Era início da noite de mais uma sexta-feira no bairro do Pantanal, em Duque de Caxias, na Baixada Fluminense (RJ), com pessoas chegando do trabalho, crianças brincando na rua e vizinhos conversando no portão. Mas disparos de tiros de fuzil fizeram com que aquele 4 de dezembro de 2020 passasse a ser lembrado como o dia da execução das primas Emily Vitória, 4 anos, e Rebecca Beatriz, 7, no portão de suas casas e de seus familiares.
Com as mortes completando um ano neste sábado (4), fica a pergunta: até quando os culpados pelas mortes de Emily e Rebecca ficarão impunes?
Apesar de ser o primeiro homicídio infantil de repercussão nacional a acontecer depois da aprovação da Lei Ágatha Felix (9.180/21), que prioriza investigações de mortes de crianças, a apuração do caso Emily e Rebecca segue sem novas informações.
A invisibilidade e a impunidade são as principais características durante um ano de investigação. O caso parece ter sido esquecido pela mídia e, principalmente, pelo Estado. Mesmo sendo o principal suspeito de ser o responsável pelas mortes, o poder público continua a não dar uma resposta concreta.

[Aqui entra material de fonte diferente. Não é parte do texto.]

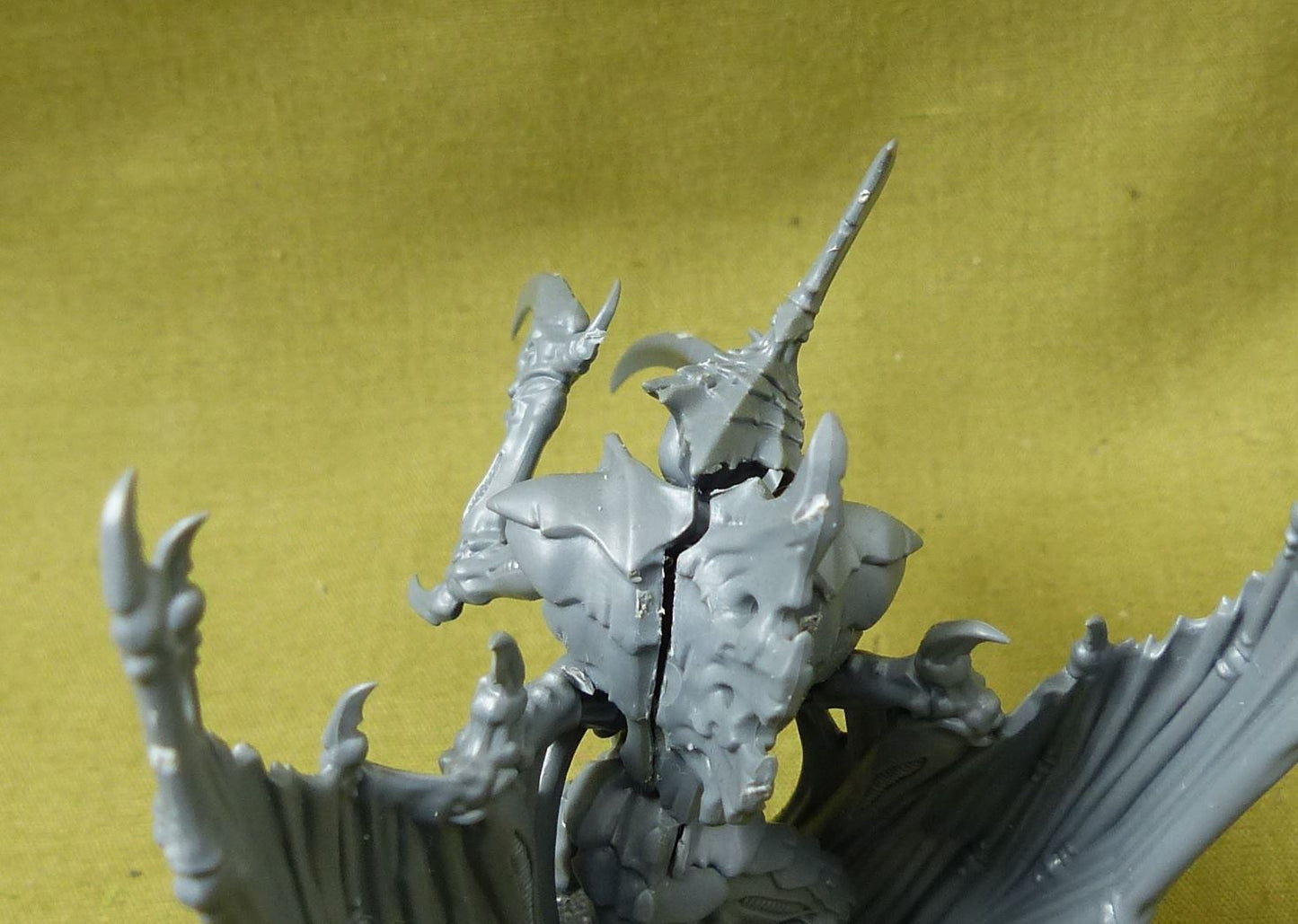 Tyranid Prime - Tyranids - Warhammer 40K #BD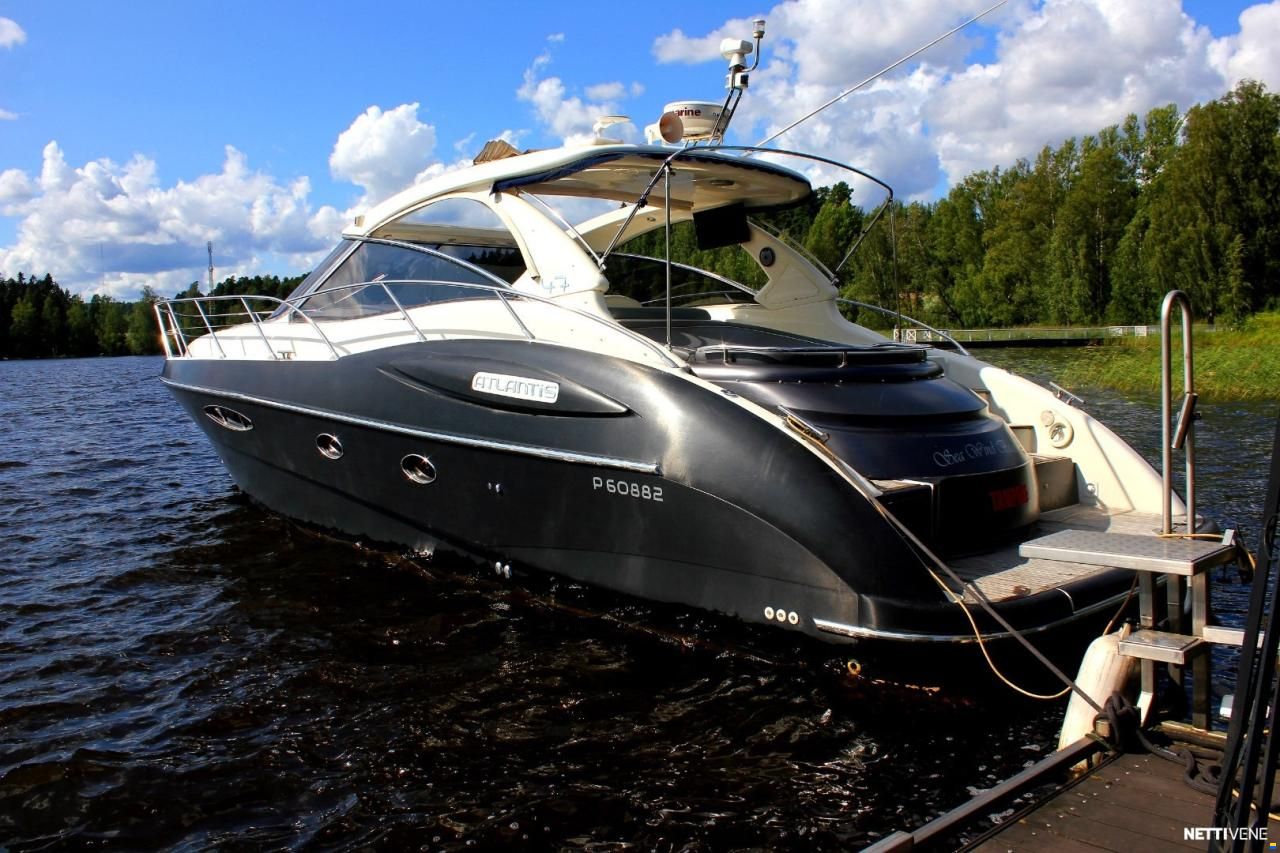 Azimut Atlantis 47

A reprodução simulada ocorreu apenas quatro meses após o duplo homicídio, porém, até hoje, o laudo não foi divulgado. É um ano de dor e de espera.
Dona Lídia, tia da Emily, cobra uma resposta. "É uma revolta porque se fossem crianças da zona sul o caso já estaria resolvido, mas como morreu na comunidade estão deixando para lá."
Apesar de familiares e vizinhos, que testemunharam o crime, serem unânimes em dizer que o tiro partiu da viatura da polícia, nenhum policial foi responsabilizado.
Como se não bastasse, a perícia escolheu uma criança da comunidade para ajudar na reprodução simulada ao perceber que os manequins usados não dariam a visão exata da cena.
Criação de espaço cultural
Em resistência à atrocidade cometida com as meninas, o Movimenta Caxias e o Movimento de Educação Popular +Nós criaram, sete meses após o duplo homicídio, o Espaço Cultural e Educacional Emily e Rebecca. O local fica próximo à rua onde as vítimas moravam.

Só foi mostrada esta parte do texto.